# A MODEL FOR MEMORY INTERFERENCE IN MULTIPROCESSORS 

Stanley Rabinowitz<br>Alliant Computer Systems Corporation<br>Littleton, MA 01460

Abstract. A model is described and analyzed for a multiprocessor shared memory system in which each memory bank can service a fixed number of access requests per cpu cycle.

If $n$ processors simultaneously request data from a common shared memory, it is usually not possible for all the requests to be satisfied at the same time. This is because the memory system usually places a limit on the number of requests that it can service at any given time. A typical method for allowing multiple requests to be satisfied is to divide the memory into $m$ banks each capable of satisfying requests independently. The memory banks are usually interleaved, so that requests to successive memory locations will be serviced by successive memory banks.

Even if $m=n$, full memory bus bandwidth cannot usually be achieved. This is because of the fact that if $n$ processors each make a memory request at random, it is unlikely that the $n$ requests will all be to different memory banks. In fact, the probability that the $n$ requests go to all $n$ banks is just the number of permutations of $Z_{n}$ divided by the number of mappings of $Z_{n}$ into $Z_{n}$, where $Z_{n}$ represents the set of integers from 1 to $n$. This
probability is

$$
\frac{n!}{n^{n}}
$$

which, as $n$ gets large, approaches $\sqrt{2 \pi n} / e^{n}$ by Stirling's Formula.

One solution is to make $m>n$. Since the cost increases with the number of memory banks, it is important to know how the average memory bandwidth will be affected by the values of $m$ and $n$. Several mathematical models have appeared in the literature to predict the behavior of such systems $[1-5,8,11-13]$. The model that is closest to the behavior of the machine we are interested in (the Alliant FX/8 multiprocessor) is the model that Hoogendoorn [8] calls the Uniform Static-Access Matrix. In this model, each processor accesses each memory bank with equal probability $(1 / m)$. The memory requests are considered to be random and independent. If a memory bank gets more than one request, it services precisely one of the requests. The other requests are rejected and are not queued up. There is no assumption that the requesting processor will make the same request on the next cpu cycle. (This is clearly a deficiency in this model.)

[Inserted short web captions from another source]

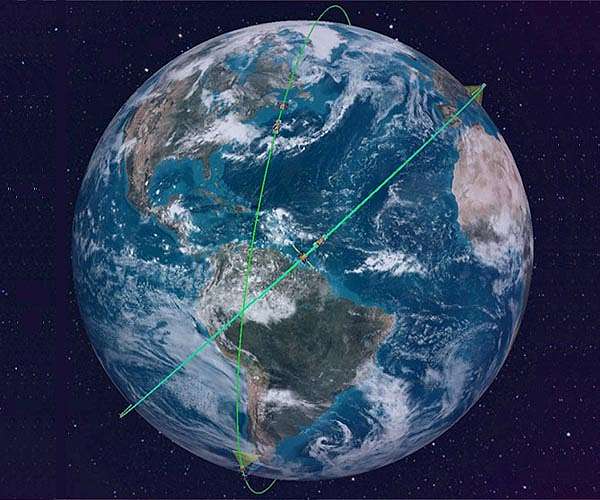 CATALYST leads EO industry with CEOS-compliant SAR and Optical Imagery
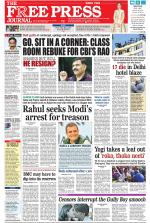Free Press - Mumbai Epaper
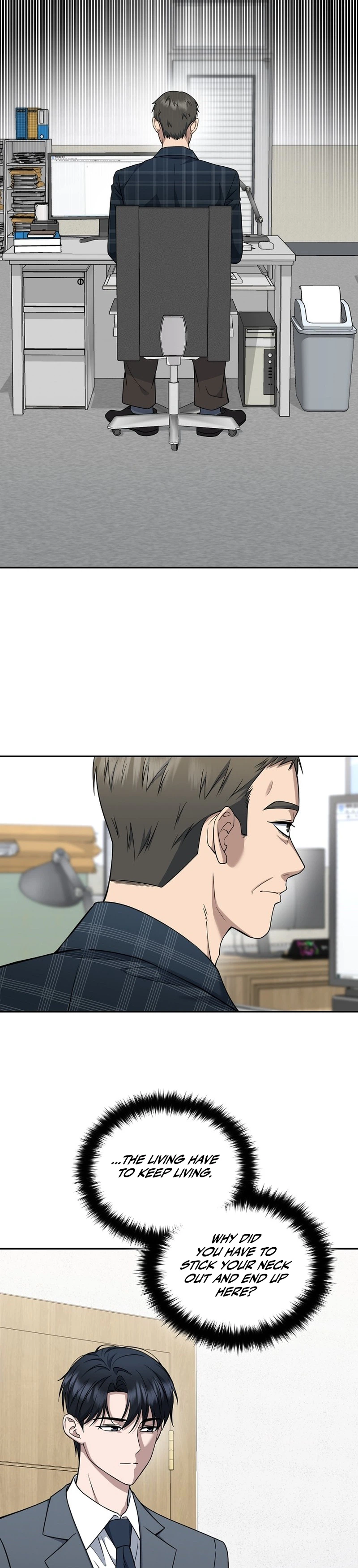 The Prosecutor: Kim Seo-jin Chapter 33 Page 6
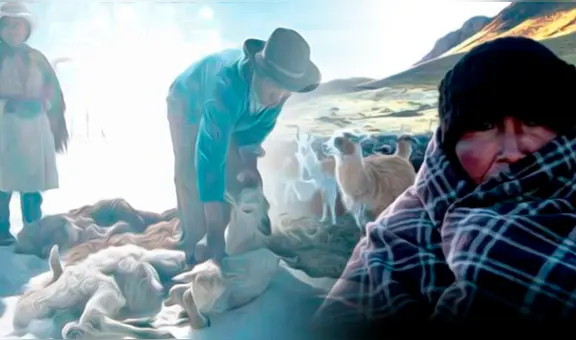 Declaran en emergencia a Puno por bajas temperaturas: ¿qué zonas están en muy alto riesgo?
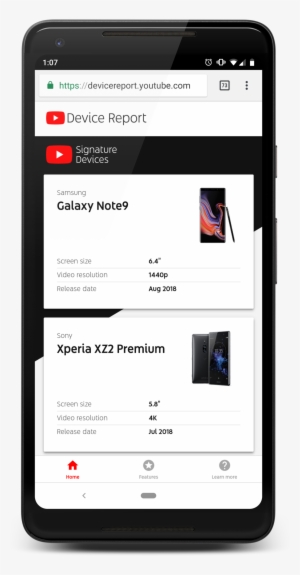 The Best Phones To Watch Youtube On - Mobile Phone #3905868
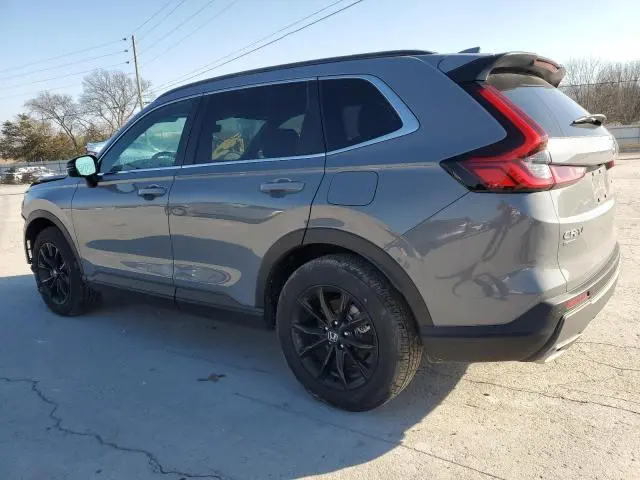 2025 HONDA CR-V SPORT-L  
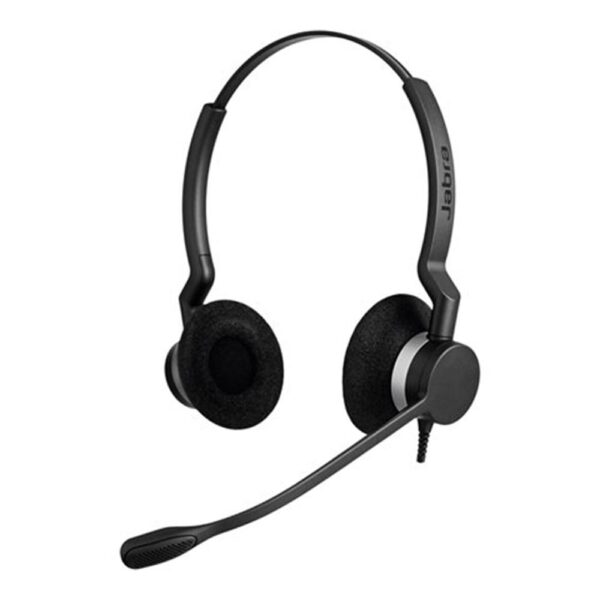 *Auriculares jabra biz 2300 qd duo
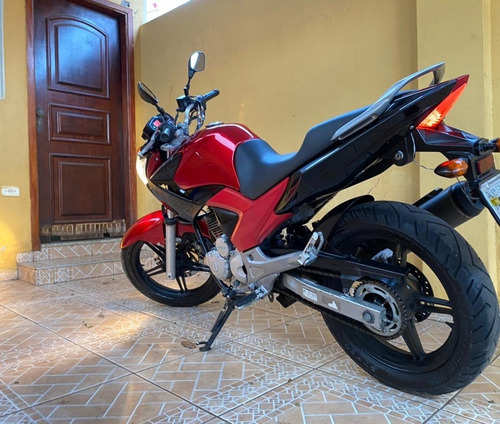 Imagem 1 de 3 de Yamaha Fazer 250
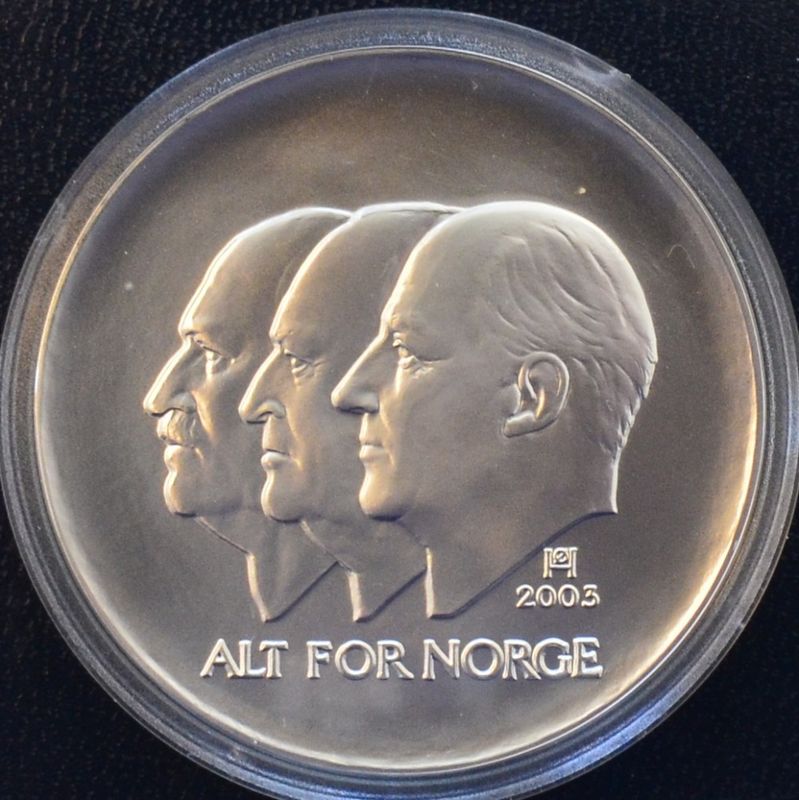 100 kr 2003 - Jordbruk (1)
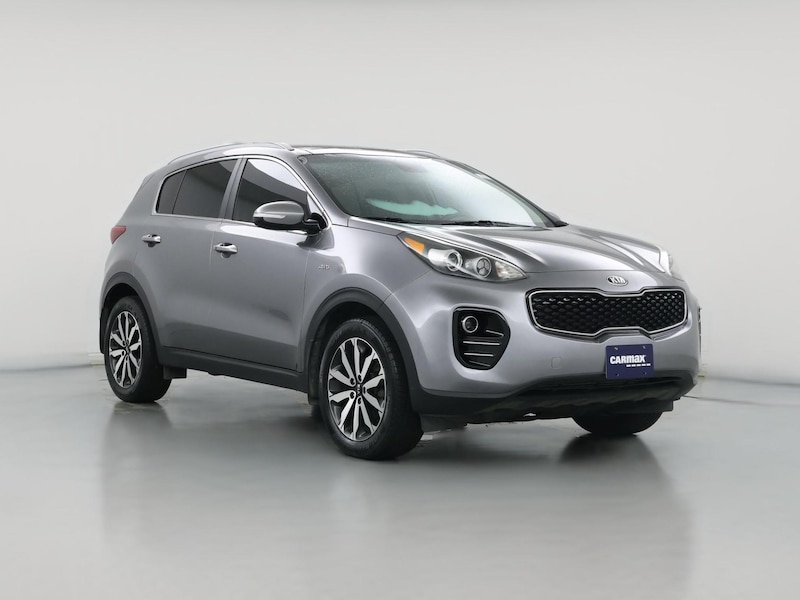 2017 Kia Sportage EX -
                  Dayton, OH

Ravi [13] showed that the expected number of requests that are serviced is

$$
\begin{equation*}
E(m, n)=\sum_{k=1}^{\min (m, n)} \frac{k \cdot k!S(n, k)\binom{m}{k}}{m^{n}} \tag{1}
\end{equation*}
$$

where $S(n, k)$ denotes the Stirling numbers of the second kind (see [6, p. 121] or [10, p.

65]), defined by the formula

$$
S(n, k)=\frac{1}{k!} \sum_{i=0}^{k}(-1)^{k}\binom{k}{i}(k-i)^{n}
$$

It was later pointed out by several authors $[5,8,14]$, that formula (1) can be simplified to

$$
\begin{equation*}
E(m, n)=m\left[1-\left(1-\frac{1}{m}\right)^{n}\right] \tag{2}
\end{equation*}
$$

It was pointed out by Chang, Kuck, and Lawrie [5] that if the ratio $s=n / m$ is fixed, then this function is asymptotically linear, because

$$
\lim _{n \rightarrow \infty}\left(1-\frac{1}{m}\right)^{s}=\frac{1}{e^{s}}
$$

so that

$$
\lim _{n \rightarrow \infty} E(m, n)=n\left(1-\frac{1}{e^{s}}\right) / s
$$

Another deficiency of the model is that it assumes that each memory bank can service only one request per cpu cycle. On the Alliant FX/8, the memory bus is twice as fast as the cpu, so that each memory bank can service up to two memory requests per cpu cycle.

We thus wish to extend the model to assume that each memory bank can service up to $r$ requests per cpu cycle. The result of this enhanced model can be summarized by the following theorem.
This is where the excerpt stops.